> [EXERCISE DETAILS] Exactly the lines from the line that has "Pantry Storage System" through the final line below are to be retyped, and the pictures are not.

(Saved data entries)
▬▬▬▬▬▬▬▬▬▬
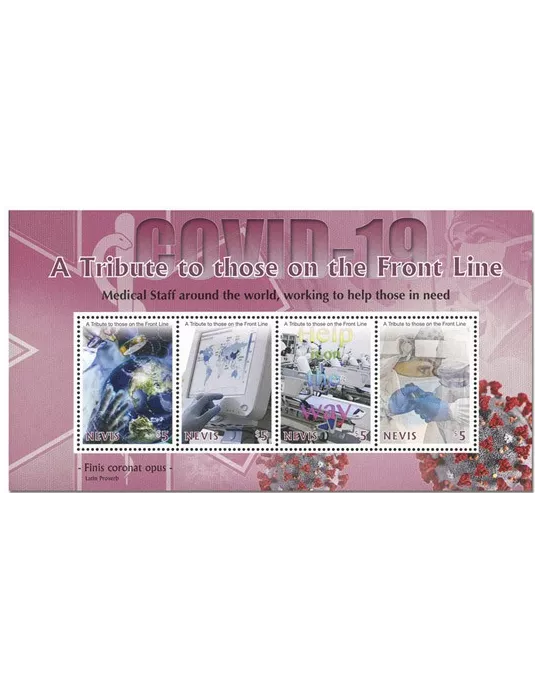 n° 2871/2874 - Timbre NEVIS Poste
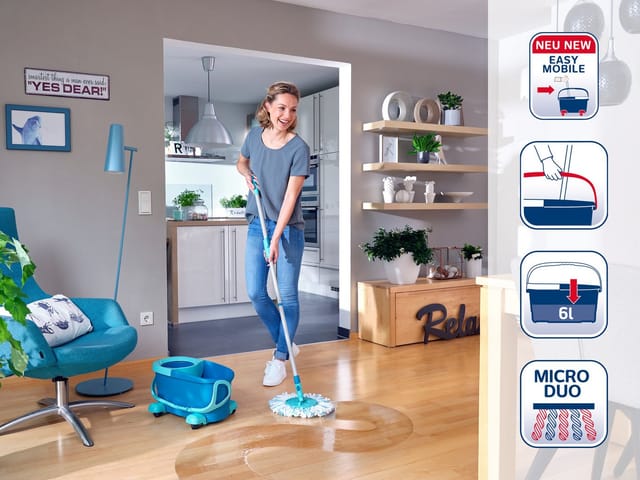 Reinigen - Wischmop-Set Clean Twist Disc Mop Ergo Mobile 52102 - Leifheit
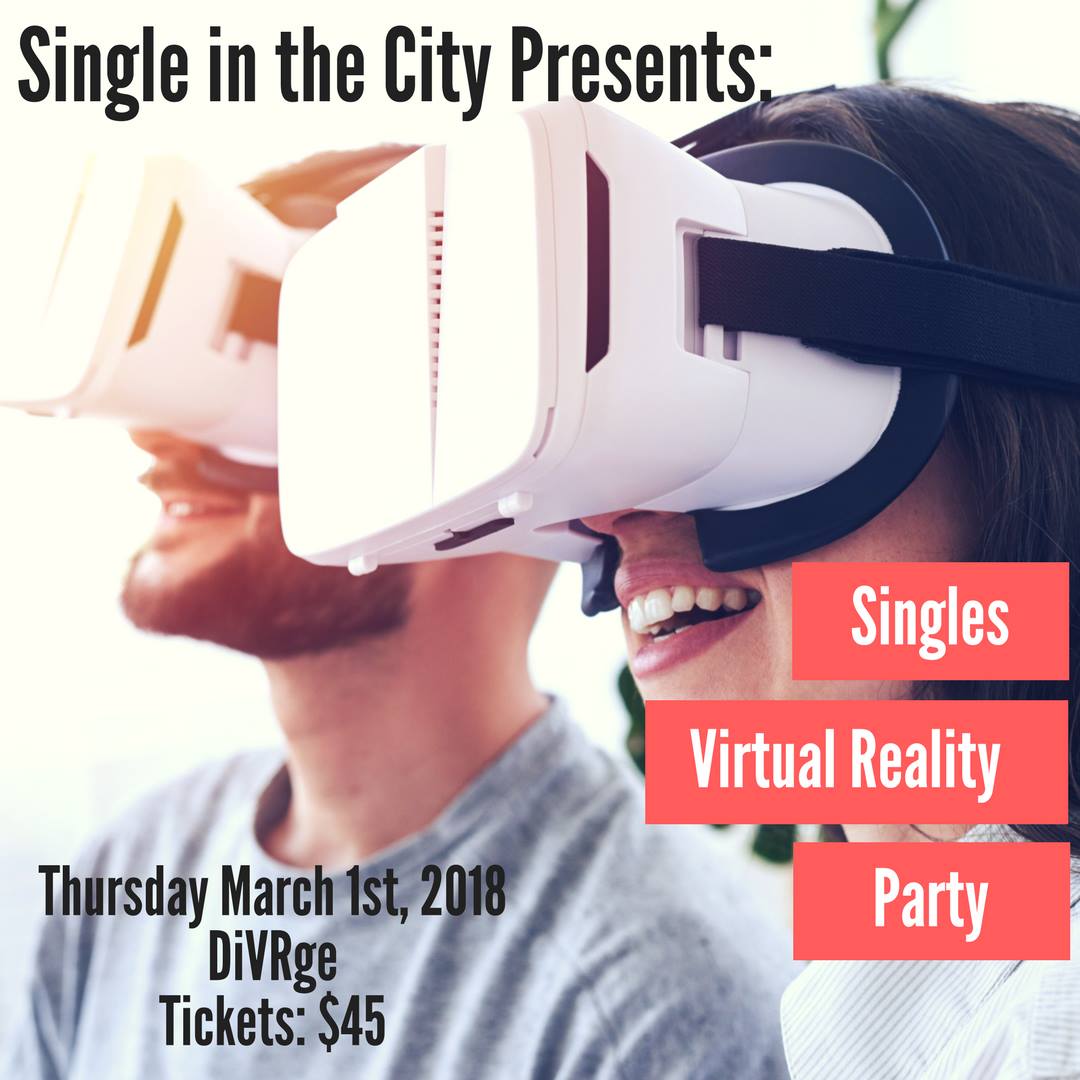 singleinthecity's tweet photo. Tickets are still available for our Singles Virtual Reality Party at #DiVRge in #Toronto on THU, MAR 1! #VirtualRealityNight is going to be an amazing experience for singles to have fun and bond through virtual adventure! Tickets here: https://t.co/krkpmQYob4
#singleinthecity https://t.co/KxjZzUFlHx
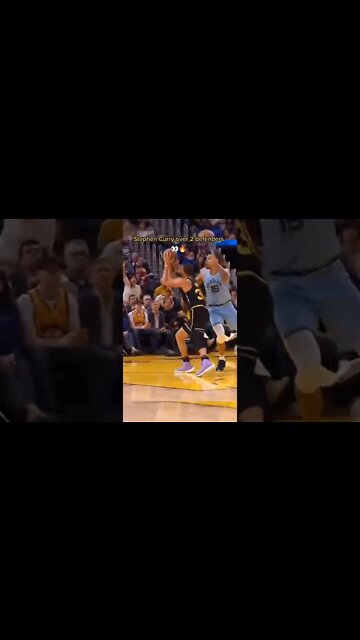 Stephen Curry over 2 defenders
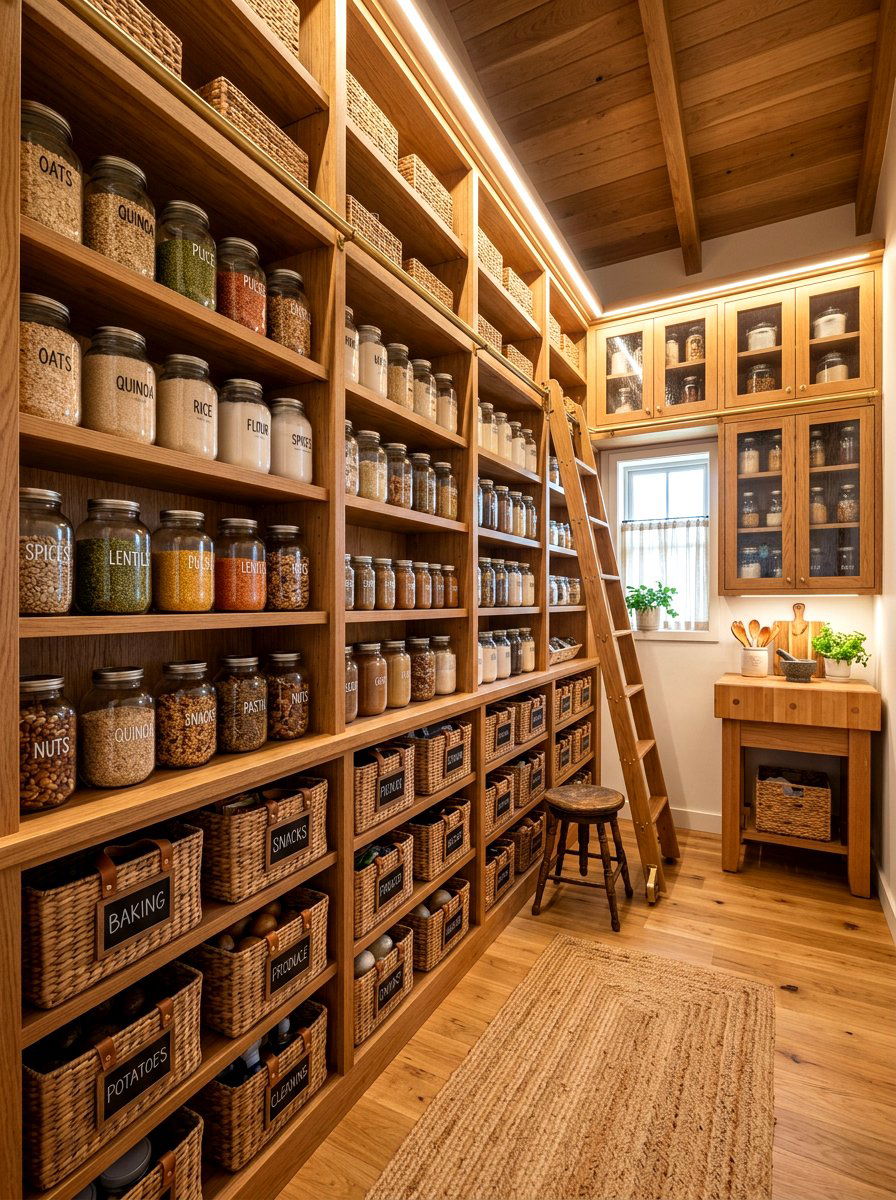 Pantry Storage System - 30 camera ready home styling ideas
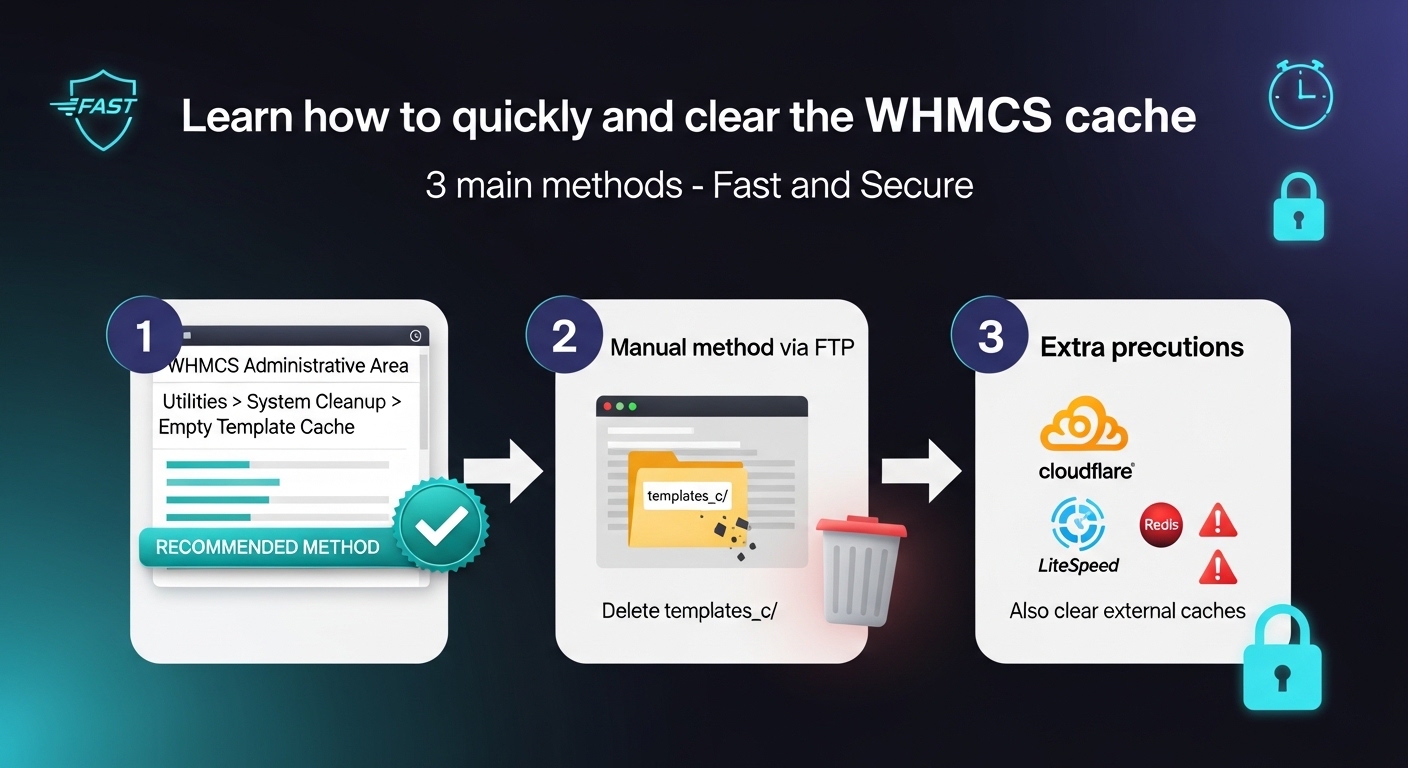 Como Limpar o Cache do WHMCS? (Guia Completo 2026)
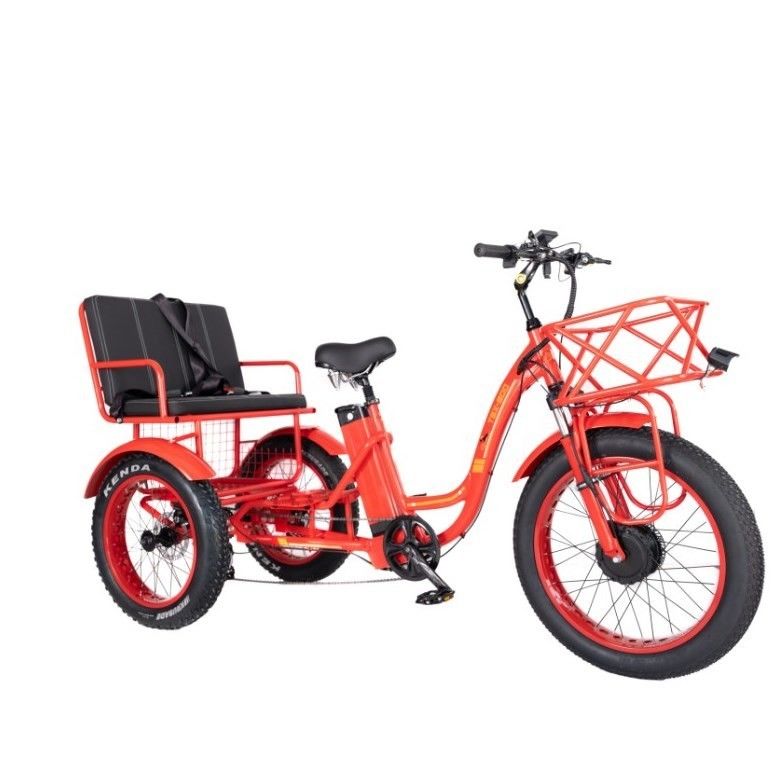 48V E Trike 3 Rad 750 Watt Fettreifen Rikscha mit Bafang 750W Motor und Leistung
▬▬▬▬▬▬▬▬▬▬
> [RESPONSE]
 Pantry Storage System - 30 camera ready home styling ideas
 Como Limpar o Cache do WHMCS? (Guia Completo 2026)
 48V E Trike 3 Rad 750 Watt Fettreifen Rikscha mit Bafang 750W Motor und Leistung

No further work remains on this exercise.